Like a tired boxer at the Olympic Games, the reputation of psychological science has just taken another punch to the gut. After a series of fraud scandals in social psychology and a US survey that revealed the widespread use of questionable research practices, a paper published this month finds that an unusually large number of psychology findings are reported as “just significant” in statistical terms.
The pattern of results could be indicative of dubious research practices, in which researchers nudge their results towards significance, for example by excluding troublesome outliers or adding new participants. Or it could reflect a selective publication bias in the discipline – an obsession with reporting results that have the magic stamp of statistical significance. Most likely it reflects a combination of both these influences. On a positive note, psychology, perhaps more than any other branch of science, is showing an admirable desire and ability to police itself and to raise its own standards.

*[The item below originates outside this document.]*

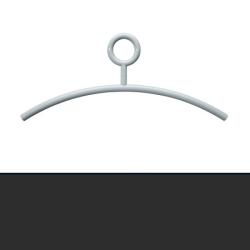 HEWI Kleiderb�gel 570.4 92 Anthrazitgrau 450 mm �se drehbar
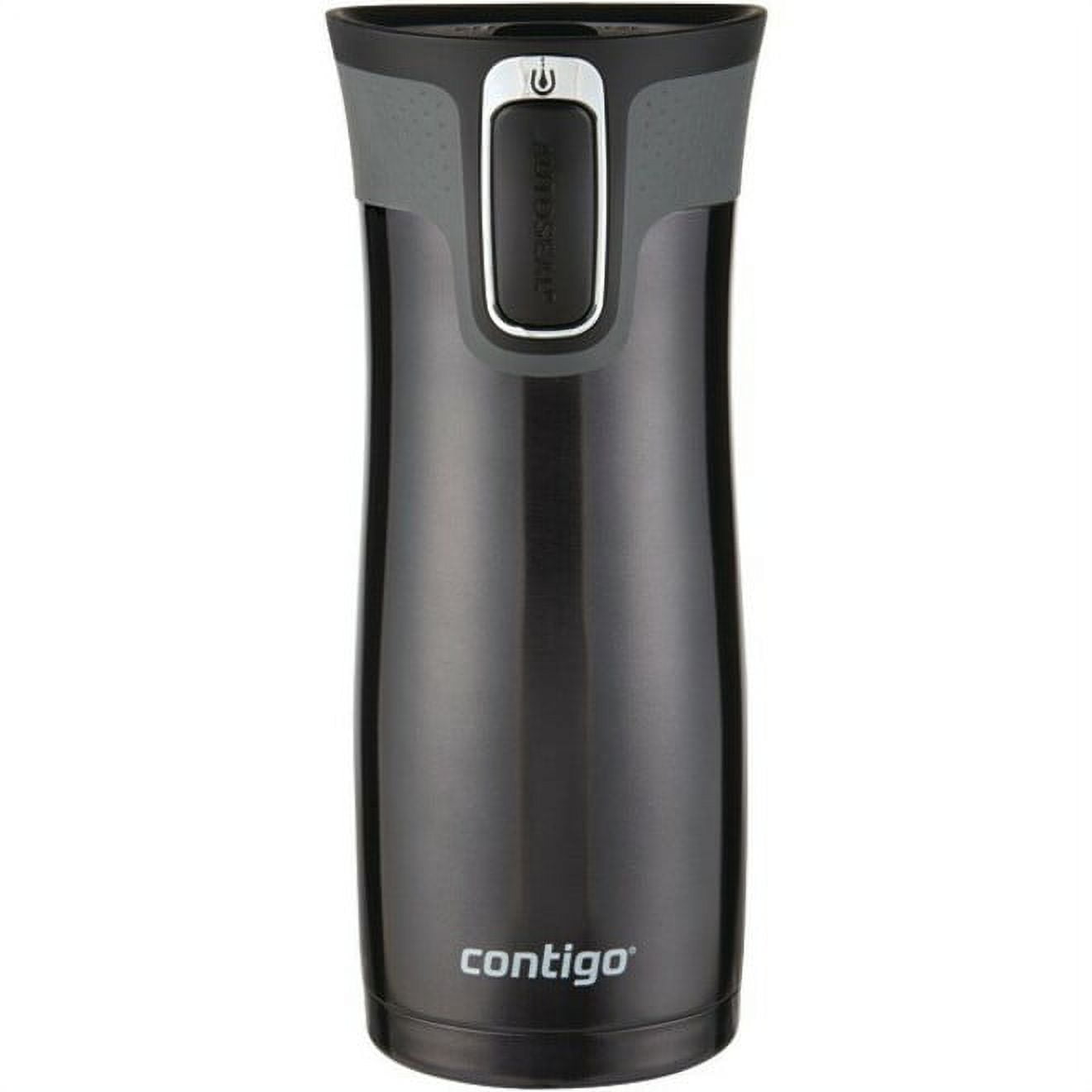 Contigo West Loop Stainless Steel Travel Mug with AUTOSEAL Lid Black, 16 fl oz.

E. J. Masicampo at Wake Forest University, USA, and David Lalande at Université du Québec à Chicoutimi, analysed 12 months of issues, July 2007 – August 2008, from three highly regarded psychology journals – the Journal of Experimental Psychology: General; Journal of Personality and Social Psychology; and Psychological Science.

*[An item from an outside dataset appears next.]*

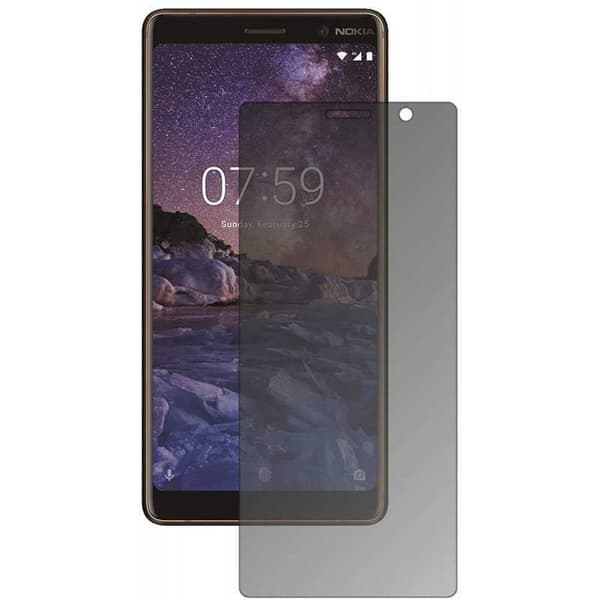2-PACK Nokia 7 Plus Privacy Hærdet glas 0,26 mm 2,5D 9H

In psychology, a common practice is to determine how probable (p) it is that the observed results in a study could have been obtained if the null hypothesis were true (the null hypothesis usually being that the treatment or intervention has no effect). The convention is to consider a probability of less than five per cent (p < .05) as an indication that the treatment or intervention really did have an influence; the null hypothesis can be rejected (this procedure is known as null hypothesis significance testing).
From the 36 journal issues Masicampo and Lalande identified 3,627 reported p values between .01 to .10 and their method was to see how evenly the p values were spread across that range (only studies that reported a precise figure were included). To avoid a bias in their approach, they counted the number of p values falling into “buckets” of different size, either .01, .005, .0025 or .00125 across the range.
The spread of p values between .01 and .10 followed an exponential curve – from .10 to .01 the number of p values increased gradually. But here’s the key finding – there was a glaring bump in the distribution between .045 and .050. The number of p values falling in this range was “much greater” than you’d expect based on the frequency of p values falling elsewhere in the distribution. In other words, an uncanny abundance of reported results just sneaked into the region of statistical significance.
“Biases linked to achieving statistical significance appear to have a measurable impact on the research publication process,” the researchers said.
The same general pattern was found regardless of whether Masicampo and Lalande analysed results from just one journal or all of them together, and mostly regardless of the size of the distribution buckets they looked at. Of course, there’s a chance the intent behind their investigations could have biased their analyses in some way. To check this, a research assistant completely blind to the study aims analysed p values from one of the journals – the same result was found.
Masicampo and Lalande said their findings pointed to the need to educate researchers about the proper interpretation of null hypothesis significance testing and the value of alternative approaches, such as reporting effect sizes and confidence intervals. ” … [T]he field may benefit from practices aimed at counteracting the single-minded drive toward achieving statistical significance,” they said.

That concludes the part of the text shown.